THE PROBLEM
How do the lines read from the one holding "4018 Upham St, Wheat" through the last line of the listing? Set them down exactly, pictures omitted.

EXERCISE MATERIAL

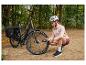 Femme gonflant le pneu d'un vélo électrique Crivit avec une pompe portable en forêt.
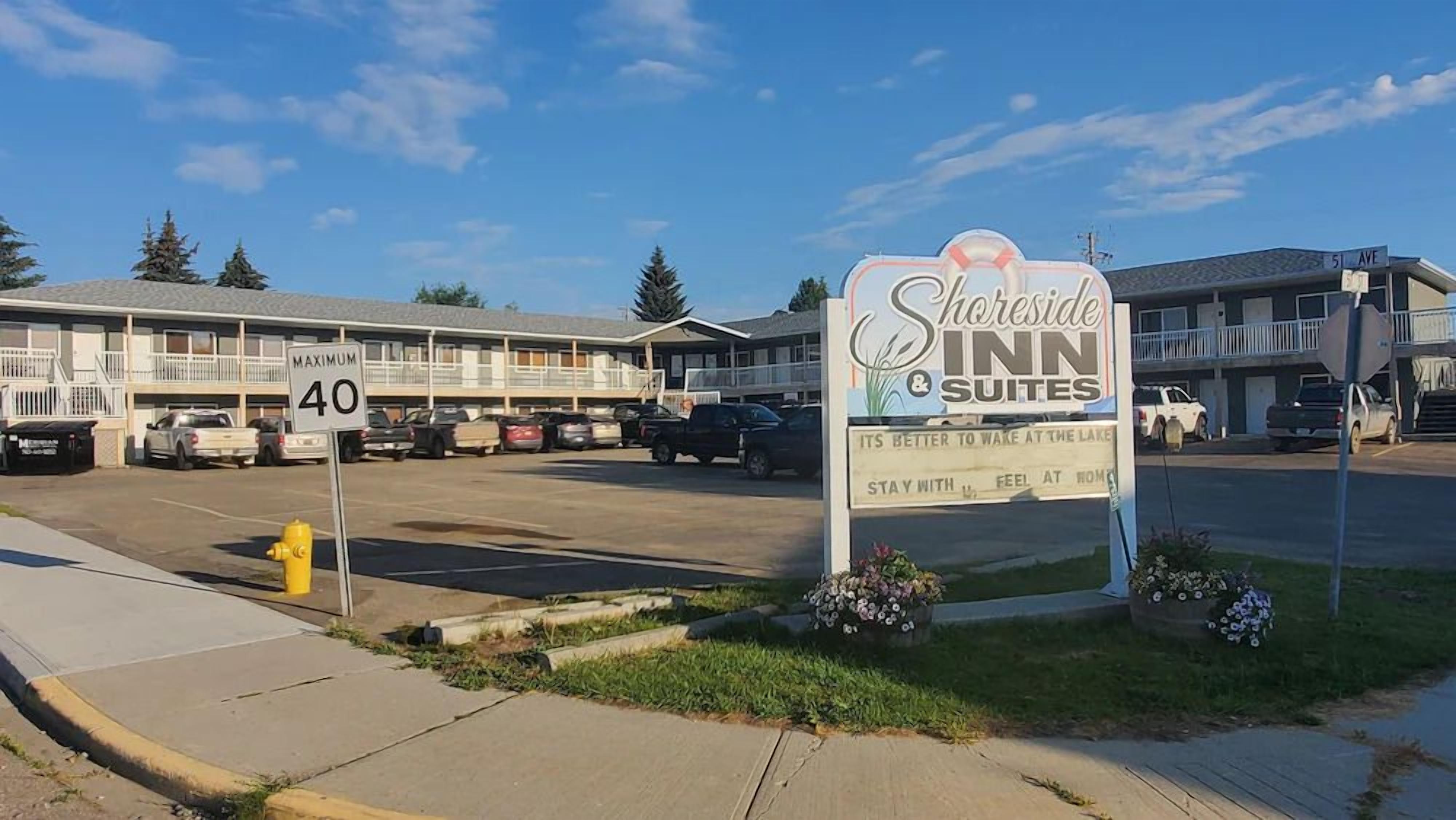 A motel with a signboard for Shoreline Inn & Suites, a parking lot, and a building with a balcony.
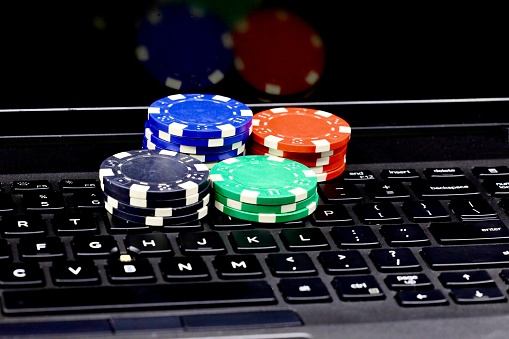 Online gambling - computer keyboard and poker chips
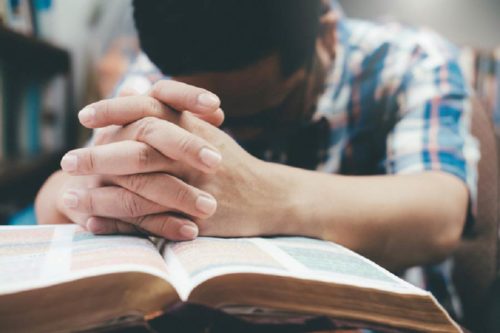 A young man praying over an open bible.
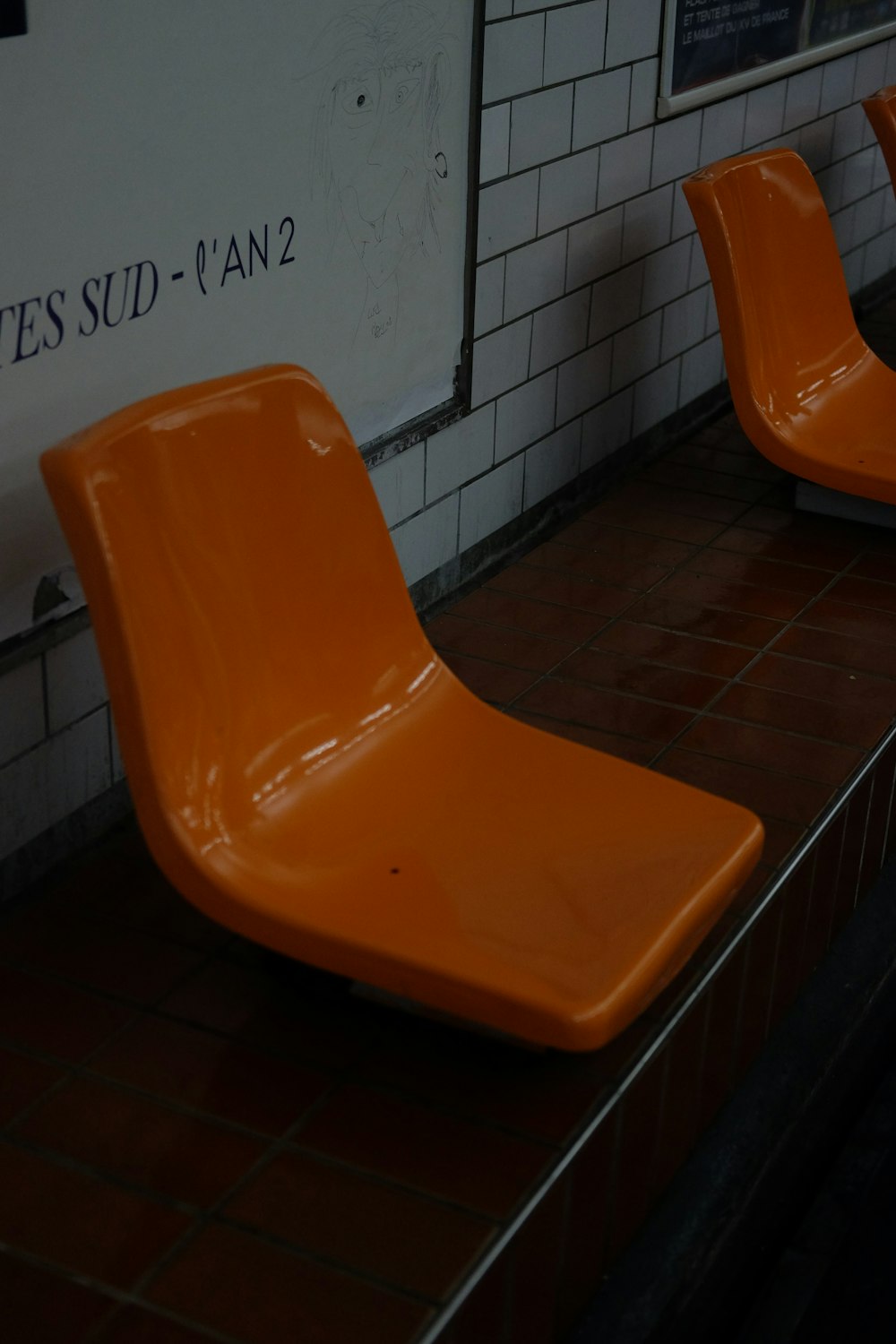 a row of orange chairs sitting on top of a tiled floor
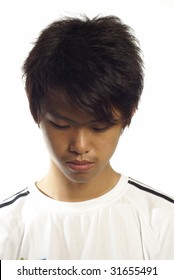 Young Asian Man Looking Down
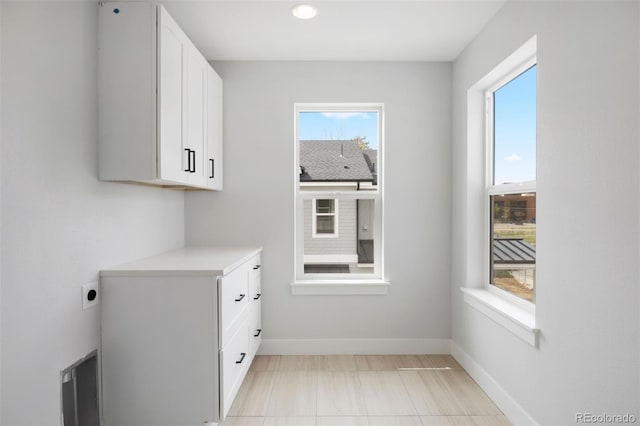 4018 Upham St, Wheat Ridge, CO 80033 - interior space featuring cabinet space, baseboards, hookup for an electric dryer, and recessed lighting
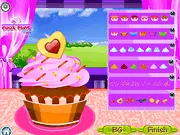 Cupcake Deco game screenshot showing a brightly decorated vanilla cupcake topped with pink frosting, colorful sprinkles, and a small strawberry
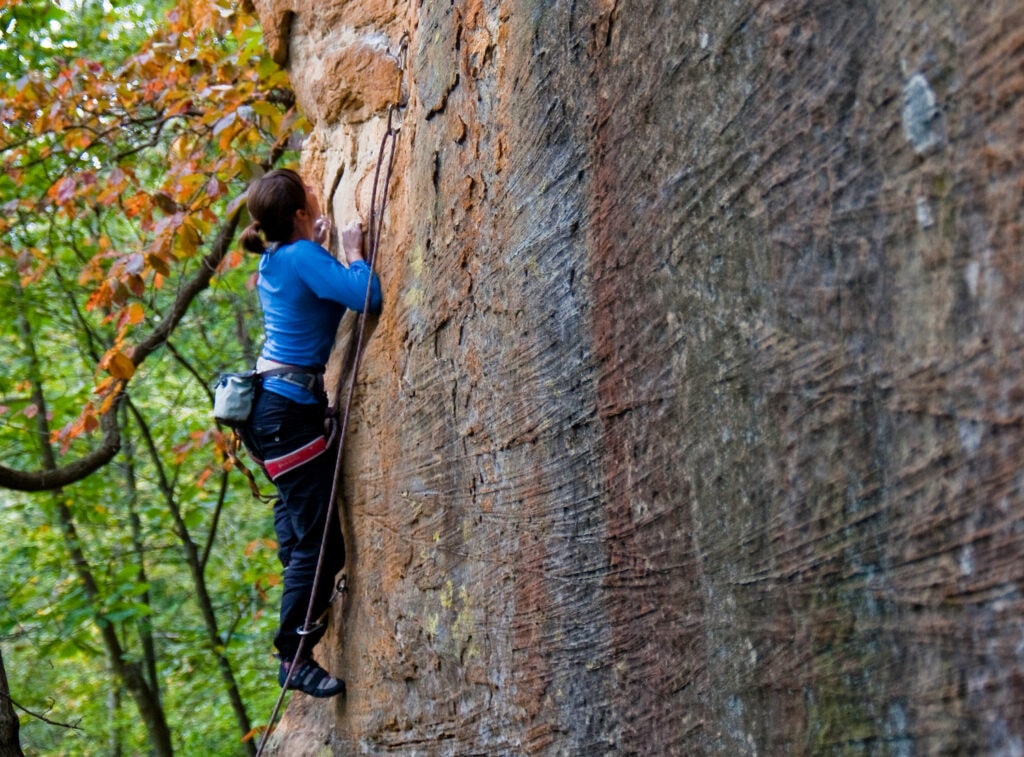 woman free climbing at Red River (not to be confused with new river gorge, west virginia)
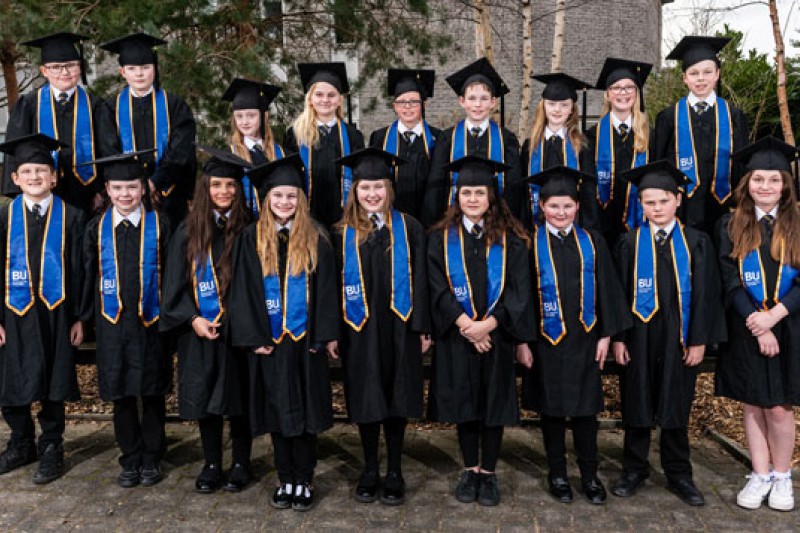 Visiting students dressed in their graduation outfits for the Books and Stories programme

ANSWER TO THE EXERCISE
 4018 Upham St, Wheat Ridge, CO 80033 - interior space featuring cabinet space, baseboards, hookup for an electric dryer, and recessed lighting
 Cupcake Deco game screenshot showing a brightly decorated vanilla cupcake topped with pink frosting, colorful sprinkles, and a small strawberry
 woman free climbing at Red River (not to be confused with new river gorge, west virginia)
 Visiting students dressed in their graduation outfits for the Books and Stories programme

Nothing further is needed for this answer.